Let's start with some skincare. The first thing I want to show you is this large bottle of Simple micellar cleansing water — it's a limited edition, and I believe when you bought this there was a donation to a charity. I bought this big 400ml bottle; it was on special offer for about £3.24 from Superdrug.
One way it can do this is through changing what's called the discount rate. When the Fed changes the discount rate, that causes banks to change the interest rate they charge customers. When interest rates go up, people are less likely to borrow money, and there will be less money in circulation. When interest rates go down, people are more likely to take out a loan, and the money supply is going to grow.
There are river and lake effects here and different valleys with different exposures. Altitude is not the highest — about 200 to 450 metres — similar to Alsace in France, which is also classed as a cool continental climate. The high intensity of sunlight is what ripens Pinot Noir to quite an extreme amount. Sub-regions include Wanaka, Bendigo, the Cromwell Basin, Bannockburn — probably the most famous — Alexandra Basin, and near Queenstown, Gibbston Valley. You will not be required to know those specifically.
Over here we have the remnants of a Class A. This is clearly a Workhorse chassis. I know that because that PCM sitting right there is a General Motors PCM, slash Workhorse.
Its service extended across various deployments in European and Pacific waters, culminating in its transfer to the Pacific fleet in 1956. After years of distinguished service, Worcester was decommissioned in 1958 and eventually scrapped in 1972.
※
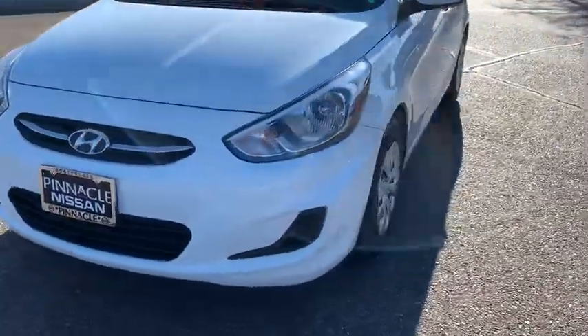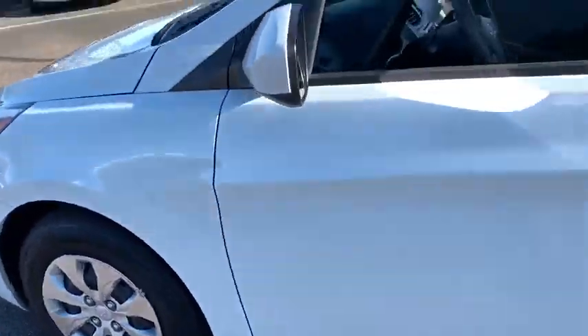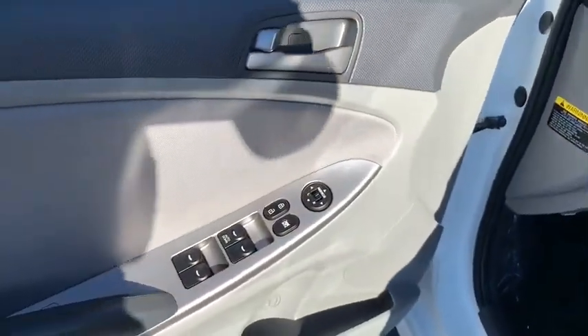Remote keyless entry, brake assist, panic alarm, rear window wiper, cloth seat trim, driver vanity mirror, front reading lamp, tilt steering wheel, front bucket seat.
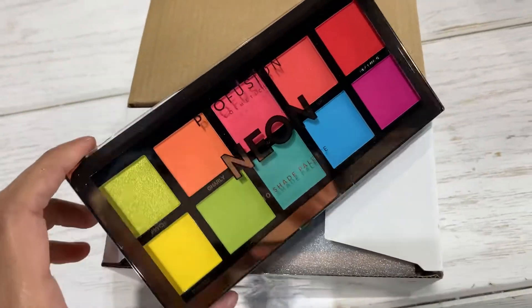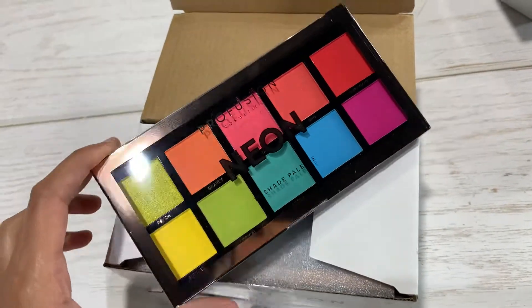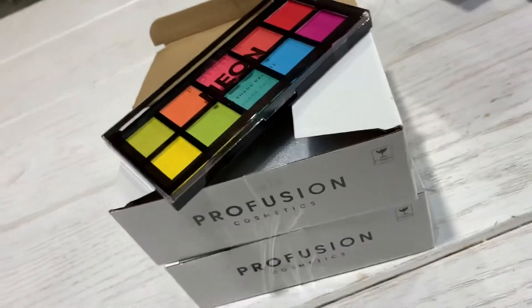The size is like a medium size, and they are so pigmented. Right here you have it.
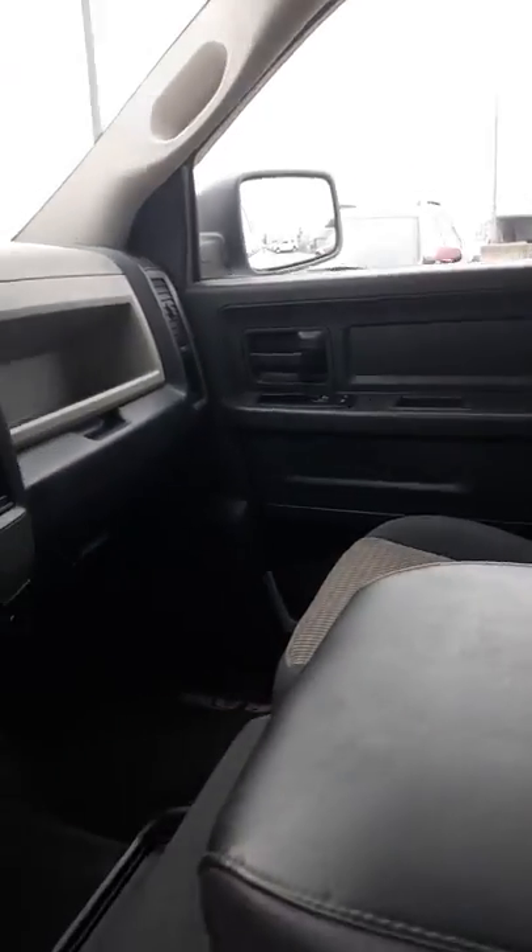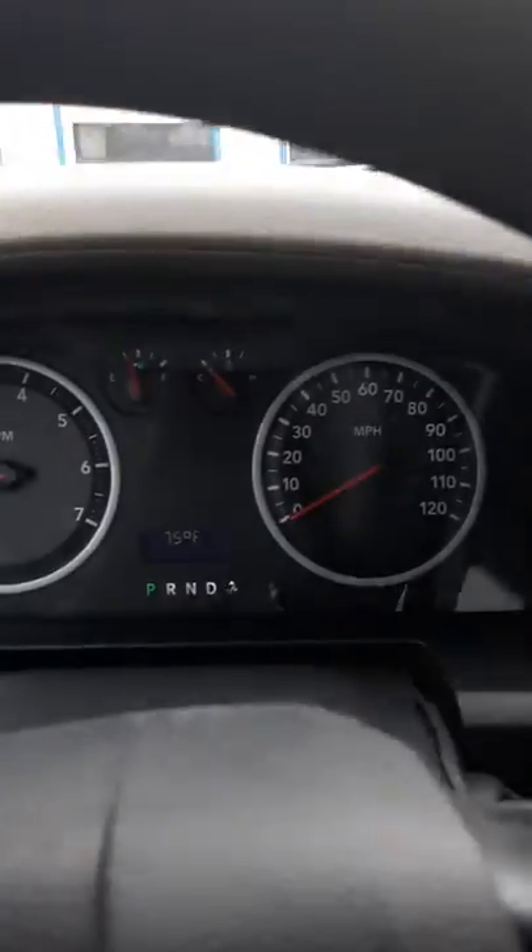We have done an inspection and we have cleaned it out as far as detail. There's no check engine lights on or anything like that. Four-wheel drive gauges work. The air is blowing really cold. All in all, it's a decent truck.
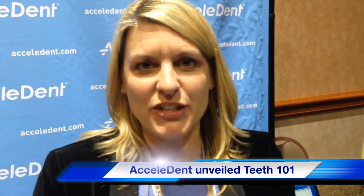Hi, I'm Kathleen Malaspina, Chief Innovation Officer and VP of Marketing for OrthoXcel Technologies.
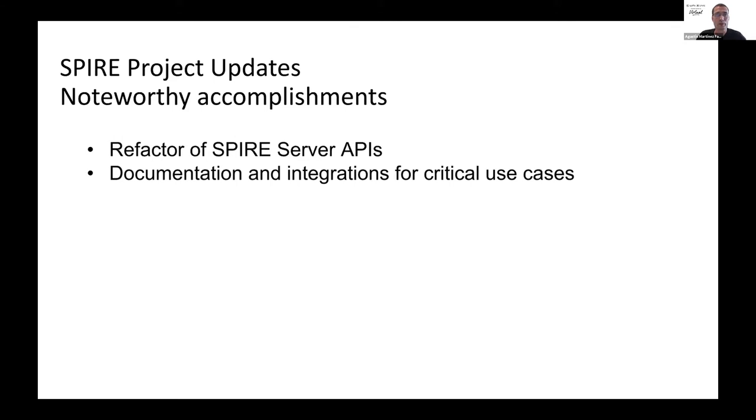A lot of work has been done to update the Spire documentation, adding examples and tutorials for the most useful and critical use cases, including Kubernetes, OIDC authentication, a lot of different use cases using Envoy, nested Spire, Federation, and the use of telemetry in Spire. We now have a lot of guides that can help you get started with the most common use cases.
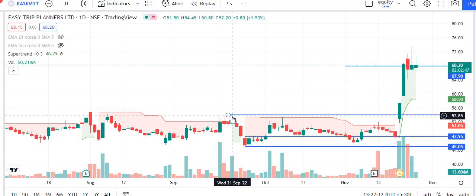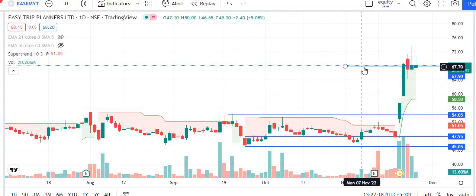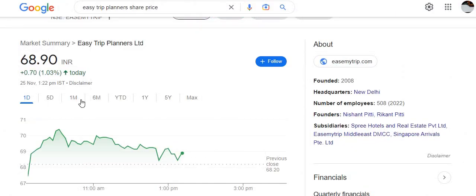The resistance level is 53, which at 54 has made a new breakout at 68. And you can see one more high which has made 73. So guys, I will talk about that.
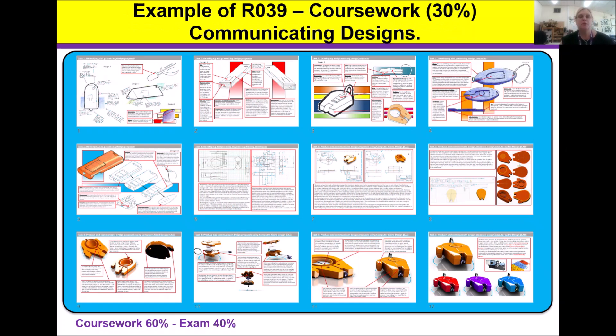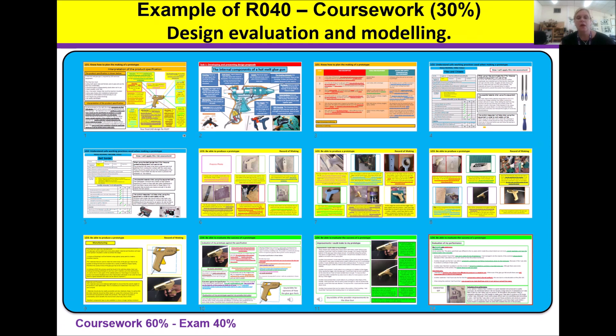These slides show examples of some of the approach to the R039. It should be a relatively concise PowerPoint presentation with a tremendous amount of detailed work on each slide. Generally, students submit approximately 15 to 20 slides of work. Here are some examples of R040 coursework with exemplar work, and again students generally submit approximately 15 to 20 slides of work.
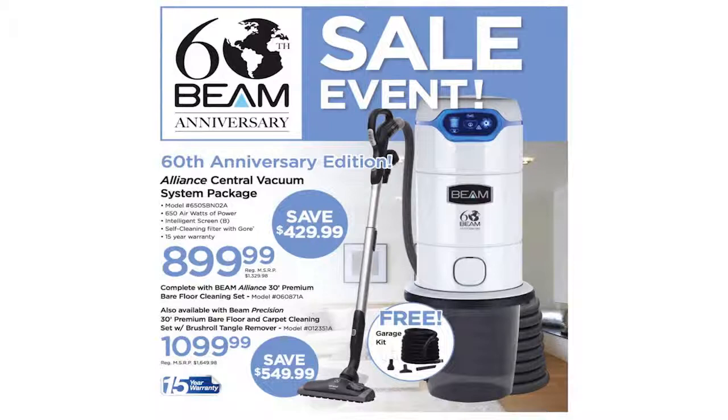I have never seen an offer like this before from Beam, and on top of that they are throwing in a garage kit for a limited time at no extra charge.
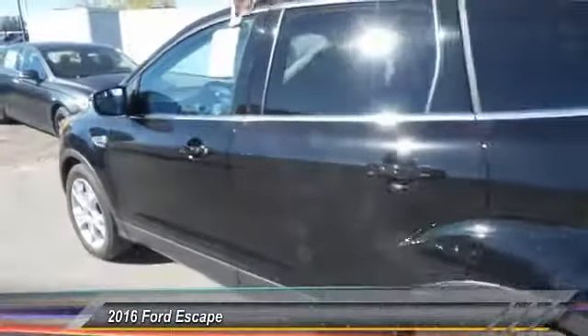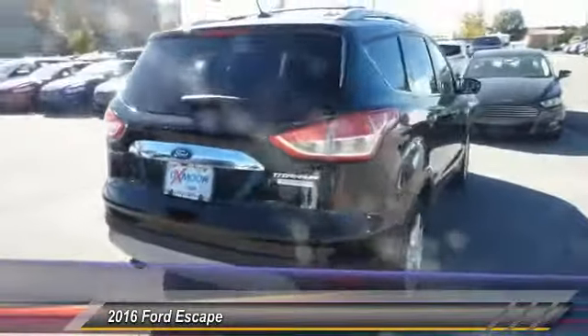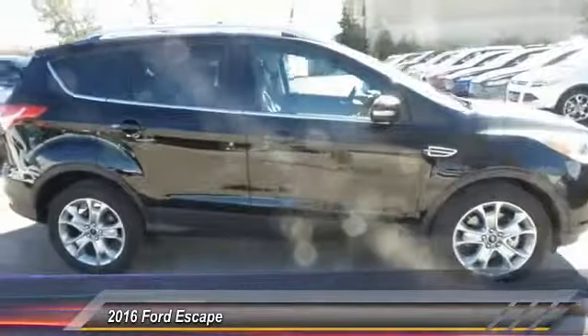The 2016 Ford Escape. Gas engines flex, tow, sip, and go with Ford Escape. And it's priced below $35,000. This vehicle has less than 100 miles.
※
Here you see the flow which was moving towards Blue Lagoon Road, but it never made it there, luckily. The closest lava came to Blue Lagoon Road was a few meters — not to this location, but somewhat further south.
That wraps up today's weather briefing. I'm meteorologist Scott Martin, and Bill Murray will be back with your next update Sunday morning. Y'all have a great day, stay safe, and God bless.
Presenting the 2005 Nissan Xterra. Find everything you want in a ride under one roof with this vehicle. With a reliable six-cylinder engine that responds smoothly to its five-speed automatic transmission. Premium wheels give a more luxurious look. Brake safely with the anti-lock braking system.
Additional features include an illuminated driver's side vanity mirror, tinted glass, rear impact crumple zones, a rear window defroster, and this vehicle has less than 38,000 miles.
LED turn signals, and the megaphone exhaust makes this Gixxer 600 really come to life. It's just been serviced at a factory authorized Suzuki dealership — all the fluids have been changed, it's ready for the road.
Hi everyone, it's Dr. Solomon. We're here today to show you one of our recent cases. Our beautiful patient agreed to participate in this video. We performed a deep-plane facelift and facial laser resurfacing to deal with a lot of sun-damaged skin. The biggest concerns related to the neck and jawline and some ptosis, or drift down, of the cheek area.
※
__PROBLEM DETAILS__.
Please give back exactly the lines of this listing beginning at the line with "Over here we" and ending with the line with "Its service extended", both included, and nothing else.

__ANSWER BOX__.
Over here we have the remnants of a Class A. This is clearly a Workhorse chassis. I know that because that PCM sitting right there is a General Motors PCM, slash Workhorse.
Its service extended across various deployments in European and Pacific waters, culminating in its transfer to the Pacific fleet in 1956. After years of distinguished service, Worcester was decommissioned in 1958 and eventually scrapped in 1972.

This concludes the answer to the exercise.